New imaging analysis reveals brain abnormalities that may play role in ADHD
A new analysis tool, large deformation diffeomorphic mapping (LDDMM), has revealed shape differences in the brains of children with ADHD, which could help pinpoint the specific neural circuits involved in the disorder, according to a study published Nov. 17 in the online advance edition of the American Journal of Psychiatry.

Researchers from the Kennedy Krieger Institute and the Johns Hopkins Center for Imaging Science, both in Baltimore, used LDDMM to examine the shape of the basal ganglia, allowing for precise examination of brain structures beyond what has been examined in previous MRI studies of ADHD.

"This study represents a major advancement in our ability to examine the neuroanatomic features of ADHD and other developmental disorders," said Stewart H. Mostofsky, MD, senior study author and a pediatric neurologist in the department of developmental cognitive neurology at Kennedy Krieger. "Using LDDMM, we can more accurately measure the impact of ADHD on brain development, which will not only bring us closer to unlocking the biological basis of the disorder, but help us better diagnose and treat patients."

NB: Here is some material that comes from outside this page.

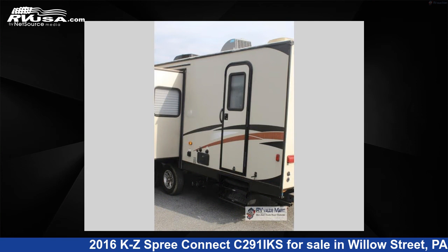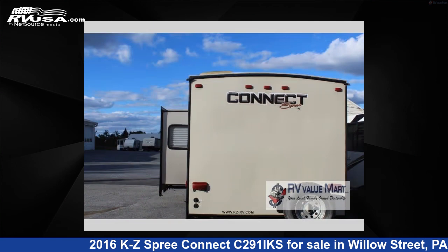For more information and pricing on this unit, and to see all units available for sale by RV Value Mart, visit rvusa.com.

Researchers used MRI scans to examine children, ages eight to 13, including: 47 children with ADHD and a control group of 66 typically developing children. They compared the LDDMM mappings of children with ADHD to their typically developing peers, and then went a step further by repeating the analysis separately for boys and girls.

Mostofsky and colleagues said that children with ADHD, who had a history of other neuropsychiatric diagnoses including conduct disorder, mood disorder, generalized anxiety disorder, separation anxiety disorder and/or obsessive-compulsive disorder, were excluded from the study. Additionally, none of the children with ADHD had a learning disability or a history of speech/language disorders.

The study found boys with ADHD had significant shape differences and decreases in overall volume of the basal ganglia compared to their typically developing peers. Girls with ADHD did not have volume or shape differences, suggesting sex strongly influences the disorder's expression.

According to researchers, the potential next steps include research that carefully examines whether the brain abnormalities found in this study can predict certain behavioral features of ADHD.

Future studies will also examine structural features associated with the ability to compensate and respond to therapy. The researchers said they also plan to use LDDMM analysis on children in a wider age range to see if changes in the basal ganglia occur over time.